Bimata

Impor Beras dan Garam Merugikan Petani Secara Nasional

BIMATA.ID, Jakarta-  Ikatan Sarjana Rakyat Indonesia (ISRI) sangat menyayangkan isu rencana impor beras dan garam karena hal ini adalah pemiskinan dan ketidakberpihakan kepada petani dan sebaiknya hal tersebut dihentikan.

“Rencana impor beras sebanyak sekitar 1 juta ton pada kwartal 1 tahun 2021 tidak sesuai dengan ketersediaan beras dari pada semester 1 tahun 2021 sebesar 24,9 juta ton dengan kebutuhan 12,3 juta ton, mengingat pada bulan Maret-April ini petani akan panen raya itu akan melukai dan merugikan petani secara nasional,” terang Sekjen DPN ISRI, Cahyo Gani Saputro.

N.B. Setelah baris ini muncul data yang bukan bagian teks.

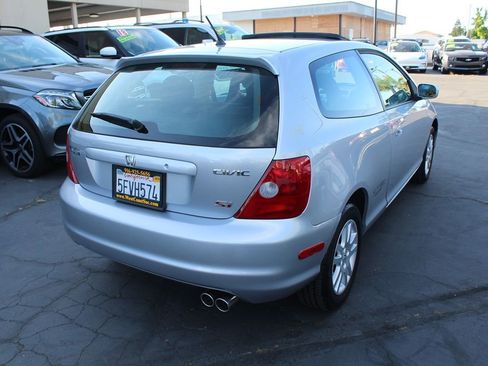 Used 2003 Honda Civic Si image 8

Terkait produksi garam dalam negeri untuk garam industri dari tahun ke tahun mengalami problematika yang sama. Harus ada terobosan dalam bidang teknologi untuk mengatasi garam industri.

Sehingga garam-garam produksi nasional masuk kualifikasi. Sungguh ironis, kita sebagai negara kepulauan dan memiliki garis pantai yang panjang, namun terus impor garam yang mana tahun 2021 tercatat kuota impor garam sebanyak 3 juta ton lebih tinggi dibanding 2020 sebanyak 2,9 juta ton.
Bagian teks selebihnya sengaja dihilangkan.